Extracted material START
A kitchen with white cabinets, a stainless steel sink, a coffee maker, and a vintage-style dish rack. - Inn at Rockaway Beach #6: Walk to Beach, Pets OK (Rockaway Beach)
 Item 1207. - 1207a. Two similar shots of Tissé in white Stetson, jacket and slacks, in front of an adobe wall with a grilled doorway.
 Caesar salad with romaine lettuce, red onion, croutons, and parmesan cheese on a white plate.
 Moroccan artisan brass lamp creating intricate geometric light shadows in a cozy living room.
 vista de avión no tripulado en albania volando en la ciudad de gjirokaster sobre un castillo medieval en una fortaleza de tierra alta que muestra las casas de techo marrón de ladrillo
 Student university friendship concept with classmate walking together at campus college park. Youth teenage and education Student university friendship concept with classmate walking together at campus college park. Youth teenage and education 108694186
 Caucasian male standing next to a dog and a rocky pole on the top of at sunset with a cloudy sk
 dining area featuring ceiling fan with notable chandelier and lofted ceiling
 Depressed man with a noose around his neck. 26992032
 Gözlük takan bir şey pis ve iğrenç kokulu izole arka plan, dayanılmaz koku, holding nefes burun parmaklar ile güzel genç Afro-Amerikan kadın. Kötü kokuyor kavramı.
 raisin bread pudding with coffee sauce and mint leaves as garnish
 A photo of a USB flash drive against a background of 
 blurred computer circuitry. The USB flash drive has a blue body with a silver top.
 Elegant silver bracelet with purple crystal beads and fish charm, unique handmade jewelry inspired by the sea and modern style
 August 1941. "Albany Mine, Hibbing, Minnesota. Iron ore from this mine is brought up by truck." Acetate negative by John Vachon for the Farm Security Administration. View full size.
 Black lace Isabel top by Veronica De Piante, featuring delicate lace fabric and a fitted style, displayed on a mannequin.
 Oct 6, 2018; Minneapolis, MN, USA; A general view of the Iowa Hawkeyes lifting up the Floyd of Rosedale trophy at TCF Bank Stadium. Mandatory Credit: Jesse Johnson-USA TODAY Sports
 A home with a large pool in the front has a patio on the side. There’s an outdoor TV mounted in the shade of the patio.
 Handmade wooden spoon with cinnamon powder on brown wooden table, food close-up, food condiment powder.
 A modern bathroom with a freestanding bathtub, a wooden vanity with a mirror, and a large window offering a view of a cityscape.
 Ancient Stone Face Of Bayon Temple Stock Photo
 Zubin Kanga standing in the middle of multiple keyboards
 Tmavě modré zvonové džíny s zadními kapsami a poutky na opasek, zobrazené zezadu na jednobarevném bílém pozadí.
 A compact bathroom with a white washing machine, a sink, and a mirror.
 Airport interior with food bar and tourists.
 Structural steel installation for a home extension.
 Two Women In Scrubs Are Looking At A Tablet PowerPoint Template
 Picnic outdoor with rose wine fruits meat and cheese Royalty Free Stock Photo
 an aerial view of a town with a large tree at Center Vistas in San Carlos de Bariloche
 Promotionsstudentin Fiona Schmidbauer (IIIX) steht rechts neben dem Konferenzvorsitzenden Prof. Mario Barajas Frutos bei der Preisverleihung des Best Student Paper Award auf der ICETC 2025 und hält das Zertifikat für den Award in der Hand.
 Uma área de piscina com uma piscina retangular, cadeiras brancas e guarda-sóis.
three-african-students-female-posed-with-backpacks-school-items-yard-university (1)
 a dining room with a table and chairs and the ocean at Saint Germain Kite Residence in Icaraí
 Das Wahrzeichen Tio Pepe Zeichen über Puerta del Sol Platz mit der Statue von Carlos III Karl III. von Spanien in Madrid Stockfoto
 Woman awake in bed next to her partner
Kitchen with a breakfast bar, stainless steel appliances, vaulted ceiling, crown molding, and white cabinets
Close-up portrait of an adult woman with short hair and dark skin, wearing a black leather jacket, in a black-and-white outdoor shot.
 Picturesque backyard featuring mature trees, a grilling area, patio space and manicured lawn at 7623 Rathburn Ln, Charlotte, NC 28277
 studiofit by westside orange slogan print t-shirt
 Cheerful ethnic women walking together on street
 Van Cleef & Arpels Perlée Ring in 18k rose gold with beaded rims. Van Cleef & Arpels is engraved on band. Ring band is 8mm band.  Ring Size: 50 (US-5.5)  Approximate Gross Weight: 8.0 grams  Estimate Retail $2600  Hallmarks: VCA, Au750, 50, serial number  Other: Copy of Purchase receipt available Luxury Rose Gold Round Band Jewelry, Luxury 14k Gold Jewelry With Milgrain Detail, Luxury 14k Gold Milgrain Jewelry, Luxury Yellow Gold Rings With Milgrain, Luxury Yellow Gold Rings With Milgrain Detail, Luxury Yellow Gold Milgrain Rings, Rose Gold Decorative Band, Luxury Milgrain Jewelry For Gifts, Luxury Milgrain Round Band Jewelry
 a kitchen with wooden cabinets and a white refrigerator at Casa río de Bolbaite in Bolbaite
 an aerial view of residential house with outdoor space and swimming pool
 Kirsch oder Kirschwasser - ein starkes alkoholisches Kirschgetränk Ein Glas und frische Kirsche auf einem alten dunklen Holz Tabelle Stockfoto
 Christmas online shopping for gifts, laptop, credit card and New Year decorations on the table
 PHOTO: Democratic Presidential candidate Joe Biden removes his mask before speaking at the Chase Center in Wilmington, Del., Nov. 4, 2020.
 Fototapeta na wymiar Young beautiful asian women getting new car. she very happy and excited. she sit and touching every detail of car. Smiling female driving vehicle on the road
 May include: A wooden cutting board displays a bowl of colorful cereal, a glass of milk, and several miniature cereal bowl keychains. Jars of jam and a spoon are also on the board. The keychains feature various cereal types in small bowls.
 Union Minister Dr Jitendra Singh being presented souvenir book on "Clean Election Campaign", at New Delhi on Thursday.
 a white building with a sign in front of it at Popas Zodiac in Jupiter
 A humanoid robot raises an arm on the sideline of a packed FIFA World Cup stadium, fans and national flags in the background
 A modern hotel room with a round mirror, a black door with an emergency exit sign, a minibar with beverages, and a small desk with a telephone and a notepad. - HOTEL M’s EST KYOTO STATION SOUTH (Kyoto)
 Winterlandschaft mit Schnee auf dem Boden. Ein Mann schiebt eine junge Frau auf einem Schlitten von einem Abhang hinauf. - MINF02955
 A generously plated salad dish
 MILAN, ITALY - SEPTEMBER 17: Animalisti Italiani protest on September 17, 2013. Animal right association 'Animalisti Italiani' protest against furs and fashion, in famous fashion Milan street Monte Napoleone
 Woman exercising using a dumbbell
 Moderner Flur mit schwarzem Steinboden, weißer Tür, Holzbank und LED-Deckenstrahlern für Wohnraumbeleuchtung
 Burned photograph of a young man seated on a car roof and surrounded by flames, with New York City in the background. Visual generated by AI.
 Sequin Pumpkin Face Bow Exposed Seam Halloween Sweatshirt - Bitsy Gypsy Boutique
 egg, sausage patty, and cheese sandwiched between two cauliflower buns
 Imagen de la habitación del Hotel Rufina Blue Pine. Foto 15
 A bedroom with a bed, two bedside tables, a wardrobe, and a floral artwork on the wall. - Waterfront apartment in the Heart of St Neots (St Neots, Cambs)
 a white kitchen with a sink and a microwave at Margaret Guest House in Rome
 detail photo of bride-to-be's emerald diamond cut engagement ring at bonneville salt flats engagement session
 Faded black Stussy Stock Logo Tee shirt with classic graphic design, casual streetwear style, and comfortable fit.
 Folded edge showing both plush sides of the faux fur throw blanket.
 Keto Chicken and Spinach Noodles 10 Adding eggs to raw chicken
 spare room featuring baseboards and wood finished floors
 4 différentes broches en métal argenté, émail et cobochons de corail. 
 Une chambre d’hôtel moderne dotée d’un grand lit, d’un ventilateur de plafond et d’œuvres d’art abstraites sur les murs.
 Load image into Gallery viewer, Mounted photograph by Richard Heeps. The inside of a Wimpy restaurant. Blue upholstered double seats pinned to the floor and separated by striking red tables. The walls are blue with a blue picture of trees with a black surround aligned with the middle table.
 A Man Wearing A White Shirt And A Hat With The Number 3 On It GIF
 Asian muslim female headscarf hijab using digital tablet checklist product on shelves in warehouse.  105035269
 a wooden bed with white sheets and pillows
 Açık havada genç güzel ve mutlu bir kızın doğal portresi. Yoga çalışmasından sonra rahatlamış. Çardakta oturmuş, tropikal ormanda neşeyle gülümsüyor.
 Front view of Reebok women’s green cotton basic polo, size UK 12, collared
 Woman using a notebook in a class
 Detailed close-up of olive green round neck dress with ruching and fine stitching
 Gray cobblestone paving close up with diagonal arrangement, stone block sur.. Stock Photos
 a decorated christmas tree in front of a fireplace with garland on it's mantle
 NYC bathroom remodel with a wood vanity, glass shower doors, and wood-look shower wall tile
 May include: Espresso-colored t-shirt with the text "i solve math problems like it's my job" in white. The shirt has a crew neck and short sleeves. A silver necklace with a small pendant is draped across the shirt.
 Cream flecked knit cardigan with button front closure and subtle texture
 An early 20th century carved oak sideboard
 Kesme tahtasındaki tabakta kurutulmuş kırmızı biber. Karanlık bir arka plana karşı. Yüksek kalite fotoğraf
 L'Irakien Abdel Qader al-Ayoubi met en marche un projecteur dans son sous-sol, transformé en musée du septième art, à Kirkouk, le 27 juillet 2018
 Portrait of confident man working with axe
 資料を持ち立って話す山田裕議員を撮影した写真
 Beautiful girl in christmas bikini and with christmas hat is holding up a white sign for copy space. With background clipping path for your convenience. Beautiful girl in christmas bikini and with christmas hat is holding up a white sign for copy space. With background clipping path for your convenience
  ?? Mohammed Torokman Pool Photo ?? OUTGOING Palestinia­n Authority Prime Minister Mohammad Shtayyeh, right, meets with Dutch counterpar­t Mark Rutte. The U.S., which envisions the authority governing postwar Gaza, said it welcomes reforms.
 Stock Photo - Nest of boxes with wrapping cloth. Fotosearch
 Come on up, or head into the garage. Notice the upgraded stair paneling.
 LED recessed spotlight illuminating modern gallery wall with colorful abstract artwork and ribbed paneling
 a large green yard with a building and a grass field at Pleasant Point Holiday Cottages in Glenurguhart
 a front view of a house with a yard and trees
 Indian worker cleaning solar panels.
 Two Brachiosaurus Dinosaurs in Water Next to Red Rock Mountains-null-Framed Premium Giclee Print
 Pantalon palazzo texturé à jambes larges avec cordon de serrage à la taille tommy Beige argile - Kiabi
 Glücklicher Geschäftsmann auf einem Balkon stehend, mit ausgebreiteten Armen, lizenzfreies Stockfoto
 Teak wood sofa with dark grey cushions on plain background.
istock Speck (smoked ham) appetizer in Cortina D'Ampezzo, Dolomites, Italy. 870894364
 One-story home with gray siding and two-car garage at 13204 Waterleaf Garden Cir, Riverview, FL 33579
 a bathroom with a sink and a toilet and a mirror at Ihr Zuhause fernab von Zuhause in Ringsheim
Extracted material END
Return, word for word, the line containing "Stock Photo - Nest" and all lines after it through the last line of the records, and nothing else.

Response area:
 Stock Photo - Nest of boxes with wrapping cloth. Fotosearch
 Come on up, or head into the garage. Notice the upgraded stair paneling.
 LED recessed spotlight illuminating modern gallery wall with colorful abstract artwork and ribbed paneling
 a large green yard with a building and a grass field at Pleasant Point Holiday Cottages in Glenurguhart
 a front view of a house with a yard and trees
 Indian worker cleaning solar panels.
 Two Brachiosaurus Dinosaurs in Water Next to Red Rock Mountains-null-Framed Premium Giclee Print
 Pantalon palazzo texturé à jambes larges avec cordon de serrage à la taille tommy Beige argile - Kiabi
 Glücklicher Geschäftsmann auf einem Balkon stehend, mit ausgebreiteten Armen, lizenzfreies Stockfoto
 Teak wood sofa with dark grey cushions on plain background.
istock Speck (smoked ham) appetizer in Cortina D'Ampezzo, Dolomites, Italy. 870894364
 One-story home with gray siding and two-car garage at 13204 Waterleaf Garden Cir, Riverview, FL 33579
 a bathroom with a sink and a toilet and a mirror at Ihr Zuhause fernab von Zuhause in Ringsheim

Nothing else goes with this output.